Rowan’s expression softened.
“Anger is efficient in the short term,” he continued. “It sharpens focus. It does not sustain purpose.”
He inclined his head slightly.
“I found something more durable. Medicine remained constant. The institution may falter. The work doesn't.”
He studied Jacob, not clinically, but personally.
“And you?” he asked evenly. “What did you choose to put in its place?”
"Still figuring that out. Everyone says the first step is the most important and the hardest. But, that is not what I have found. For me it's the next one. Continuing to put one foot in front of the other." Jacob replied with a rare lightness in his voice. He felt that, he even believed what he said. "So I think it's the journey that I have internalized. Abstract, but it works for now." His mind flashed to a memory, a tense conversation, an ending. Exasperation and cold anger in eyes that had never looked at him with such exhausted apathy before. "Maybe someday it will be an easier set of memories for us and the people around us." Jacob smirked "I guess until then they'll just have to deal with the occasional melancholic stare."

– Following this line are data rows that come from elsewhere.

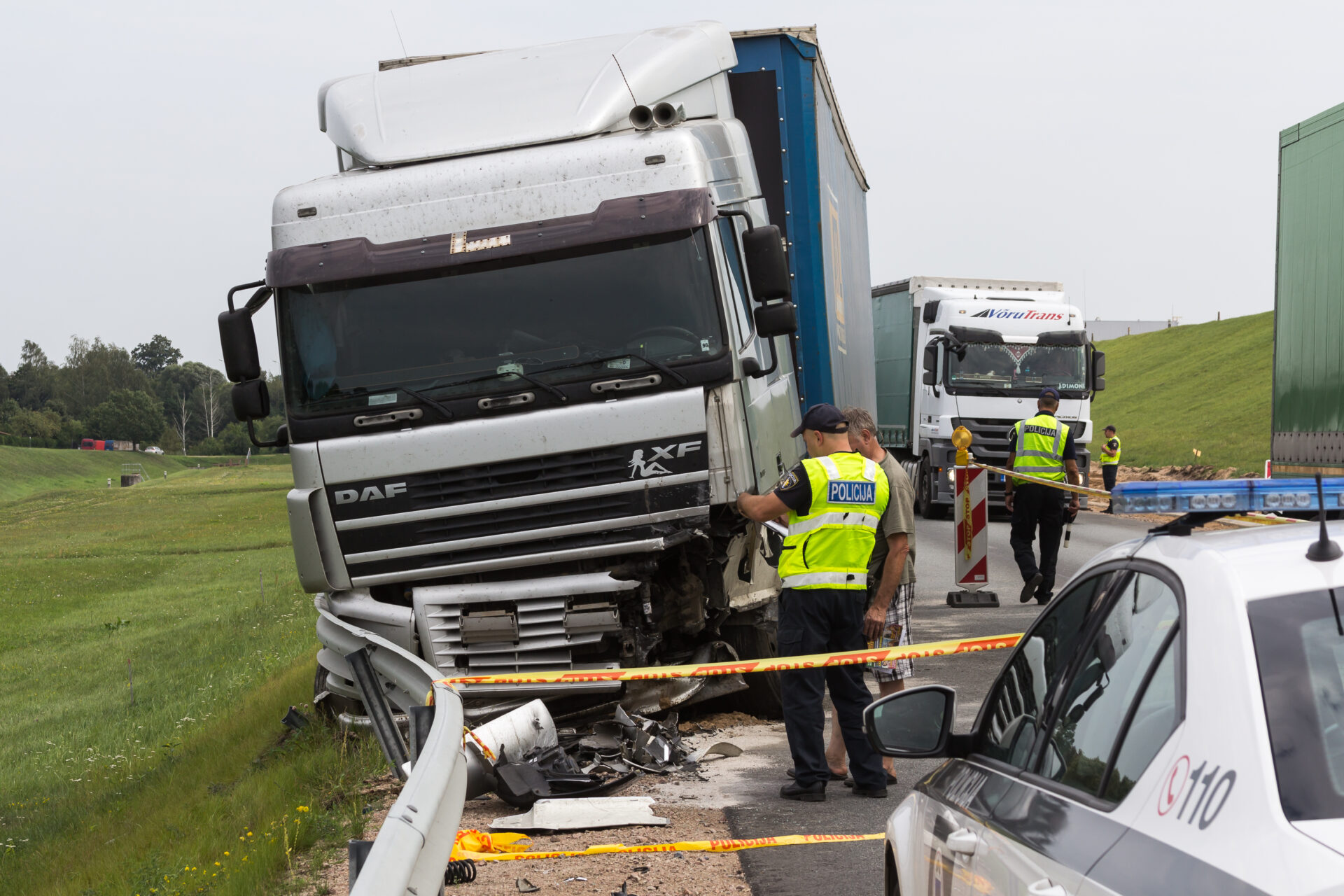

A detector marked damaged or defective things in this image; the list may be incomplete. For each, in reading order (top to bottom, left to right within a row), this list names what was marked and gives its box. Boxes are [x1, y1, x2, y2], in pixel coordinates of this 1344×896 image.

crashed white truck cab [218, 22, 876, 720]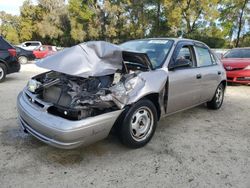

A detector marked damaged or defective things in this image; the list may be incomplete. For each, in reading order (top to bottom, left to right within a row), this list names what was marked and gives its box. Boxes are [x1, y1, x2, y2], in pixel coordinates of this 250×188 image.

crumpled hood [36, 41, 124, 78]
broken front bumper [16, 90, 124, 149]
damaged silver sedan [16, 39, 227, 149]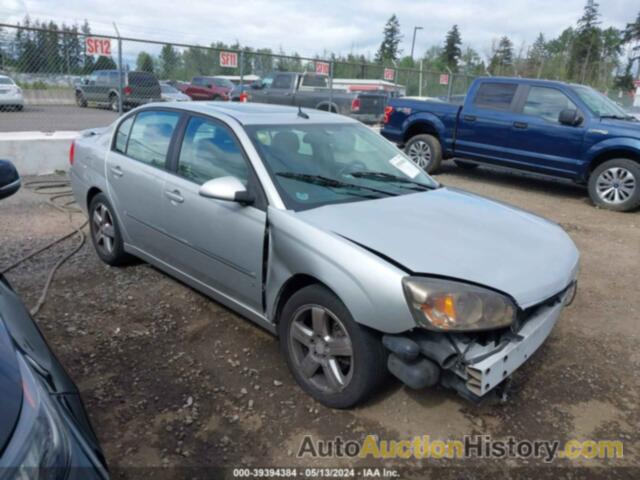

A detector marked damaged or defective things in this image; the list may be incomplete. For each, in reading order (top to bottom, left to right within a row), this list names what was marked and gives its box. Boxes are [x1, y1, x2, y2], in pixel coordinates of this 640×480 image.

damaged silver sedan [70, 103, 580, 406]
cracked headlight [402, 276, 516, 332]
crushed front bumper [382, 284, 572, 402]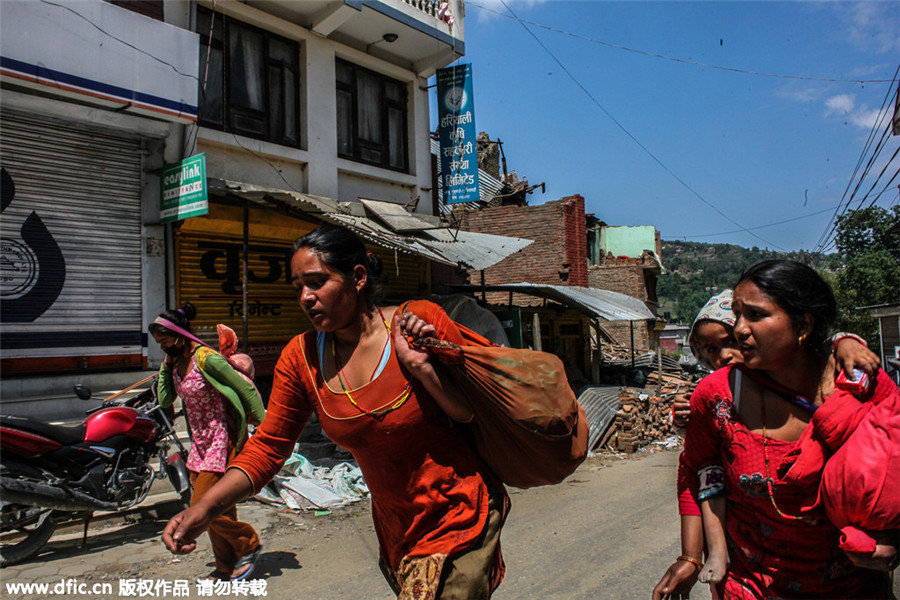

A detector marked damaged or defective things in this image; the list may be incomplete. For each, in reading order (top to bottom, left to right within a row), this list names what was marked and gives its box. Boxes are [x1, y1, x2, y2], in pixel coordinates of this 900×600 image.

damaged roof [209, 179, 536, 270]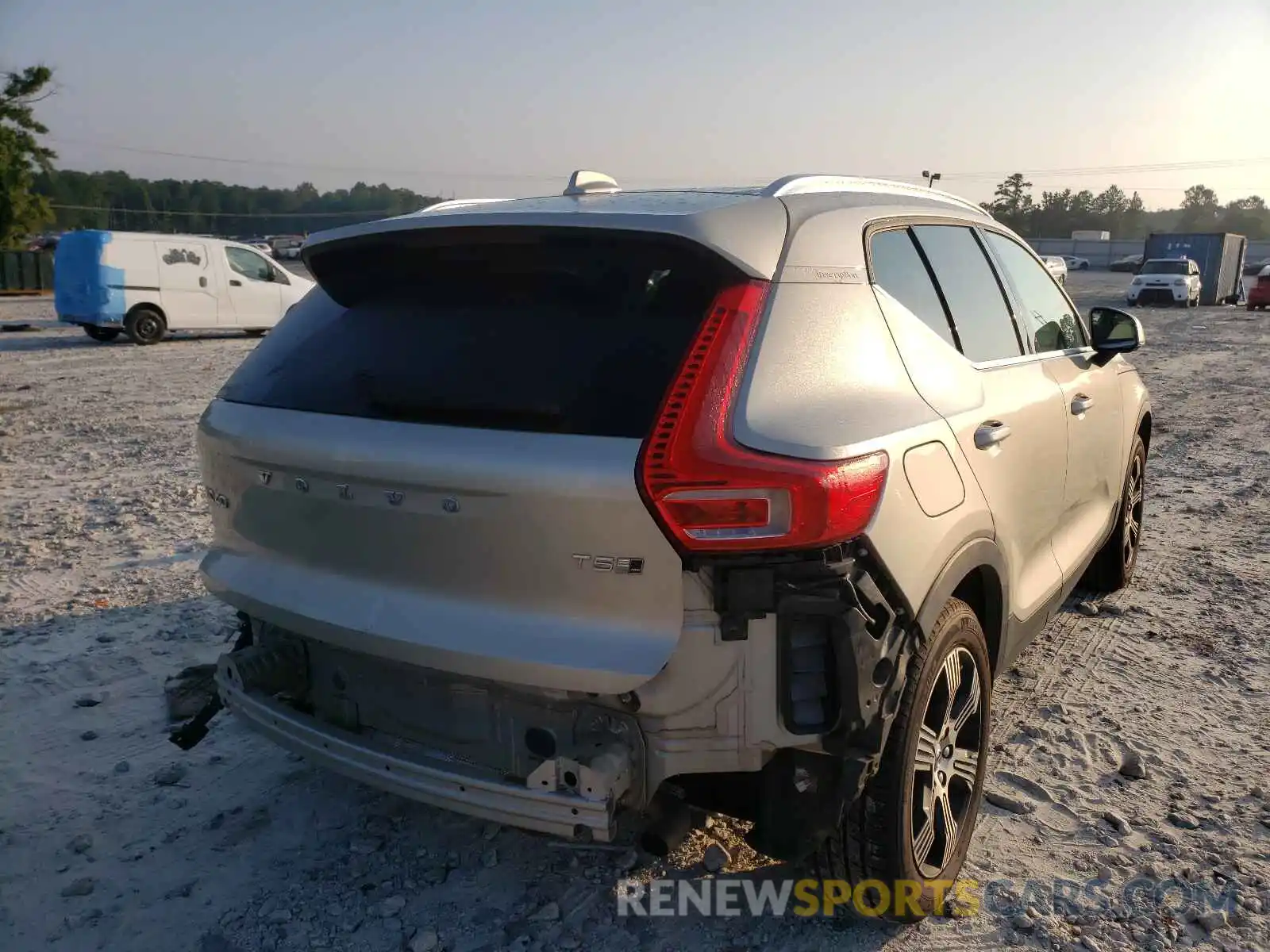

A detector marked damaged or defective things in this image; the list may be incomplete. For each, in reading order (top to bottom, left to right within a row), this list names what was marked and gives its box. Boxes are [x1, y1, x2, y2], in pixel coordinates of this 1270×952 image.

damaged rear bumper [216, 670, 627, 843]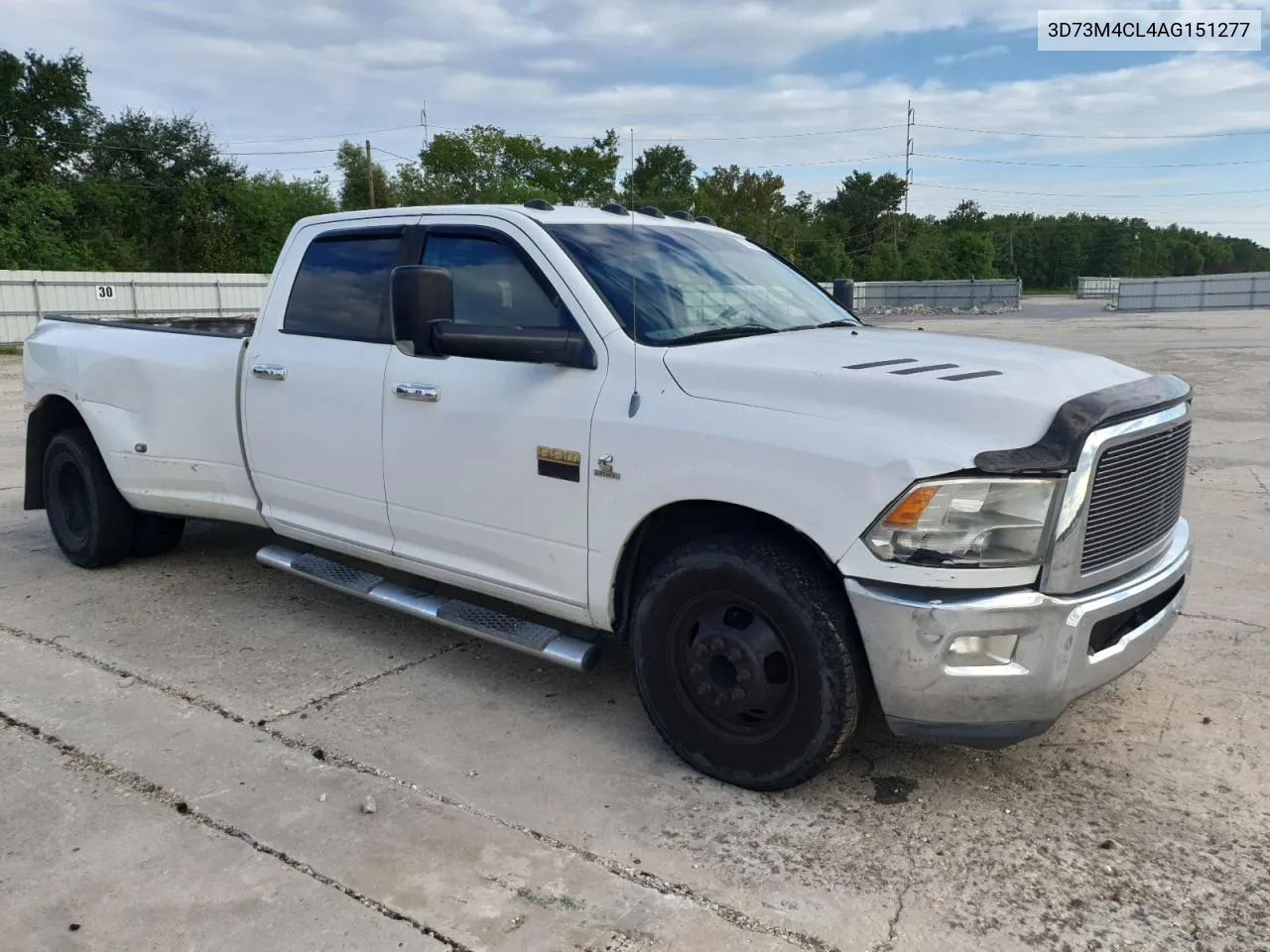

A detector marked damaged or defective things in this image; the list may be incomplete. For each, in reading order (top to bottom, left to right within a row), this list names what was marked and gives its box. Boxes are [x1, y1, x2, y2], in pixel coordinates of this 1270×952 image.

minor body damage [17, 200, 1191, 789]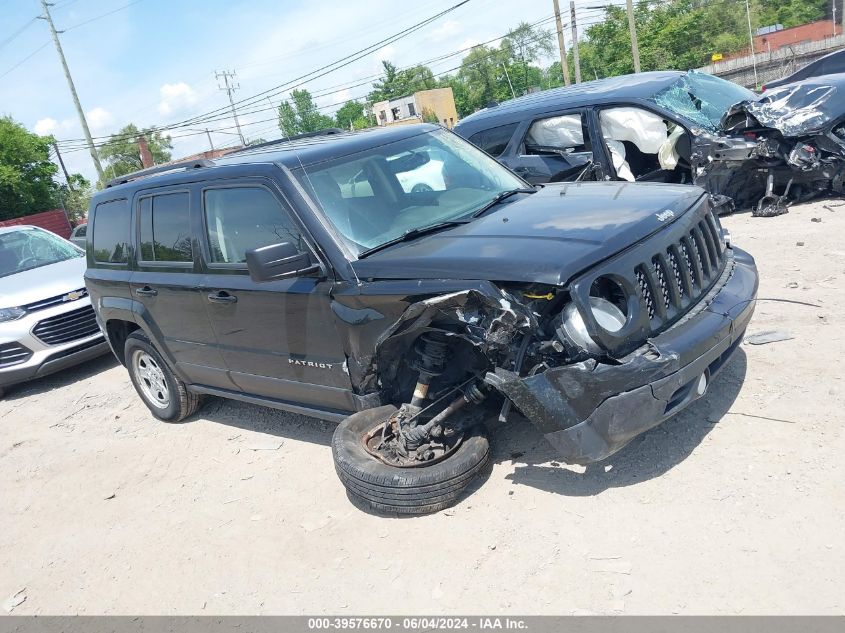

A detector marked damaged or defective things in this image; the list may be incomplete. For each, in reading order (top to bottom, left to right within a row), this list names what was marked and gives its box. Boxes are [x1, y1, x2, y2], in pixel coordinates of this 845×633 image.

shattered windshield [648, 71, 756, 131]
front-end damage [692, 76, 844, 215]
damaged hood [352, 180, 704, 284]
collapsed wheel [124, 330, 202, 420]
front-end damage [356, 198, 760, 464]
broken headlight [552, 296, 628, 356]
crumpled bumper [484, 248, 756, 464]
collapsed wheel [330, 404, 488, 512]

Jacob straightened up, tucking his PaDD under his arm. "Let me know if you want to catch up later. I brought some Añejo to help make friends of good taste."
Rowan regarded him for a moment, assessing not the words, but the steadiness behind them.
"Forward motion is often underestimated," he said quietly. "Consistency lacks drama. It does not lack value."
There was a faint shift at the corner of his mouth.
"The melancholic state," he added, "Is practically institutional."
He closed the file on Jacob's chart with a small gesture.
"As for the Añejo... I find I have developed an appreciation for well-aged things."
His gaze lifted again.
"Send me a time."
Jacob tapped the threshold twice. "You got it Doc." He replied, and turned to leave. He had a good feeling about this ship. The work was never easy, but with the right people it was always worthwhile.